Silvio Berlusconi launched his new government with an attack on what he called "the hegemony of the left" in the Italian media and the judiciary.

"The Italians have common sense," he said, "they don't want to hand over the reins of government, too, to the left, because democracy is founded on checks and balances and they know [with the left in power] there would not be full democracy."

In a barn-storming performance, interrupted by howls and whistles from the opposition, he warned the left, "don't kid yourselves that you have already won ... We are about to launch ourselves on an extraordinary year, towards a victory like that of 2001." The Italian prime minister was forced to call for a vote of confidence in both houses of parliament after the defection from his coalition of the centrist Union of Christian Democrats (UDC) two weeks ago forced him to resign and form a new government with a new mandate.

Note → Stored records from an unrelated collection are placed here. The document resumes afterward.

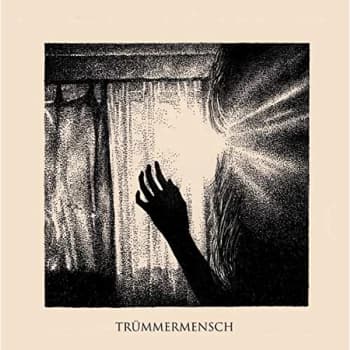 Karg / Schattenlicht - Tr?mmermensch CD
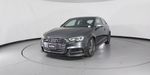 Audi S3 2.0 TFSI 290 HP Hatchback 2017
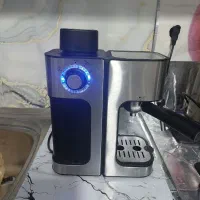 اسپرسو ساز خانگی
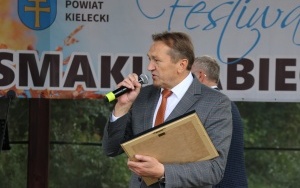 Smaki Babiego Lata - zabawa z muzyką (5)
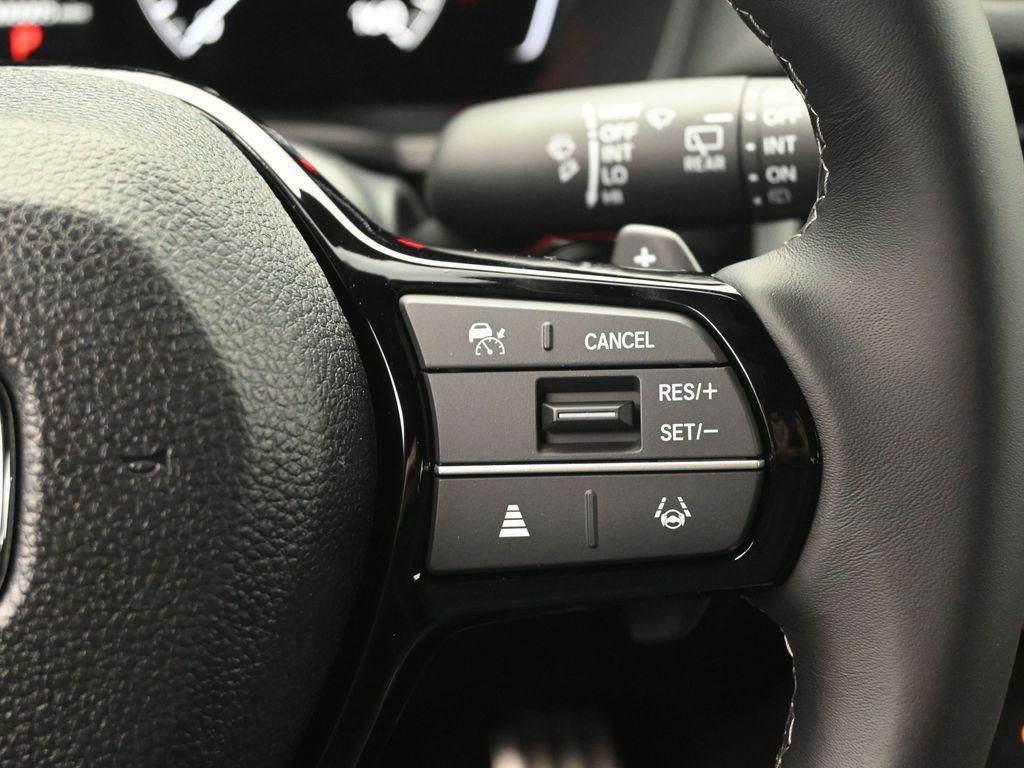 new 2026 Honda Civic car, priced at $27,855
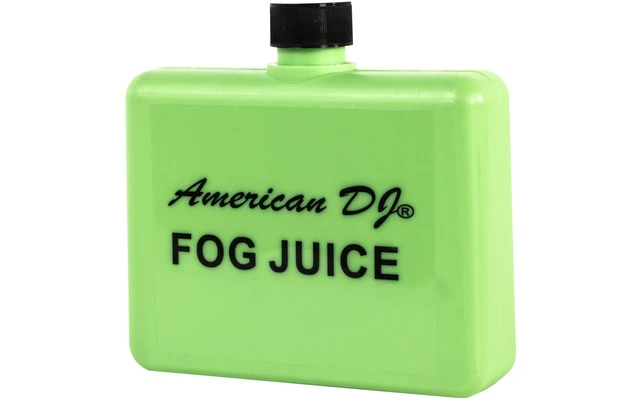 American DJ Mini Fog 400 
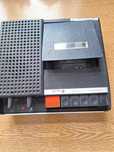 Magnetofon kasetowy Unitra ZRK B 303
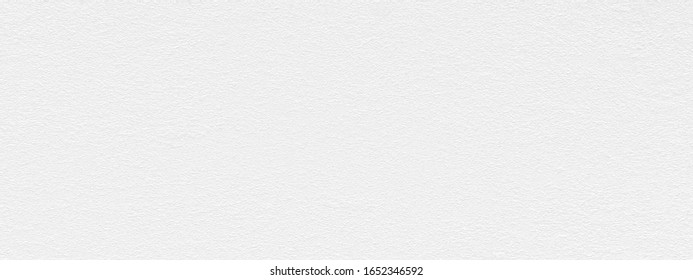 White Paper Texture Also Look Like White Cement Wall Texture. The Textures Can Be Used For Background Of Text Or Any Contents On Christmas Or Snow Festival.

The confidence vote in the Chamber of Deputies was won 334-240 by his centre-right coalition.He faces a vote in the Senate today.

In his speech, he promised to carry out not only all the promises of his government that fell when he resigned, but also the new ones that he took on when he formed his new administration: but they are vague promises to help the family, business, and the impoverished south.

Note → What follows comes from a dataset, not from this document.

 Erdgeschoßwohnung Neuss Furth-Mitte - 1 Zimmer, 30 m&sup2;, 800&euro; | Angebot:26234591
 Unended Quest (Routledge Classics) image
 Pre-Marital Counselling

Mario Follini, the head of the UDC, whose party colleagues are back in government - including Rocco Buttiglione, who was rejected last year as European commissioner because of his conservative, Catholic views, when he was minister of culture - made it clear in his speech that he remains sceptical about Mr Berlusconi's leadership.

Mr Follini - a former deputy prime minister who decided to stay out of the cabinet - said: "We can't roll towards the general election of 2006 along a gentle slope as if everything was already decided."

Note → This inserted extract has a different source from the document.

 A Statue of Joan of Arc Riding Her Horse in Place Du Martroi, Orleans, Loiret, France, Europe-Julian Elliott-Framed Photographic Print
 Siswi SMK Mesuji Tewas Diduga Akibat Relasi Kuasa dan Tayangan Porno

Crucial factors yet to be decided, he said, included the leadership of the centre-right. "The road to recovery will be long and steep," he said, "and those who want to win again have the duty to warn that there are no short cuts."

Mr Follini's chilly welcome reflects the feeling of many on both sides of Italian politics that the regional elections at the beginning of April - at which, according to centre-left leader Francesco Rutelli, three million voters shifted from the right to the left - was the knell of doom not merely for Mr Berlusconi's government but for Berlusconi as a national leader.

Mr Berlusconi also faces trouble on the legal front. On Tuesday, Milan prosecutors requested indictments against him and 12 others, including the husband of the Culture Secretary Tessa Jowell, on charges including tax fraud and embezzlement, after a four-year investigation into the premier's media empire.

Meanwhile, prosecutors in Rome yesterday began examining the car in which an Italian secret service agent, Nicola Calipari, was travelling in Iraq on 4 March when a US patrol at the roadside opened fire, killing him.

Mr Calipari had just obtained the release of Giuliana Sgrena, a journalist who had been held hostage in Iraq for a month, and was taking her to Baghdad airport to be repatriated when the shooting occurred.

Italy has 3,000 peacekeepers in the southern Iraqi city of Nasiriyah but the killing of Mr Calipari tested the resolve of the coalition severely. Before the regional elections, Mr Berlusconi said that he intended to begin pulling the troops out later this year.

Mr Berlusconi's vaunted friendship with President George Bush was tested yet again this week when a senior Pentagon official told journalists that the official inquiry into the killing of Mr Calipari was going to exonerate the soldiers who fired upon the vehicle.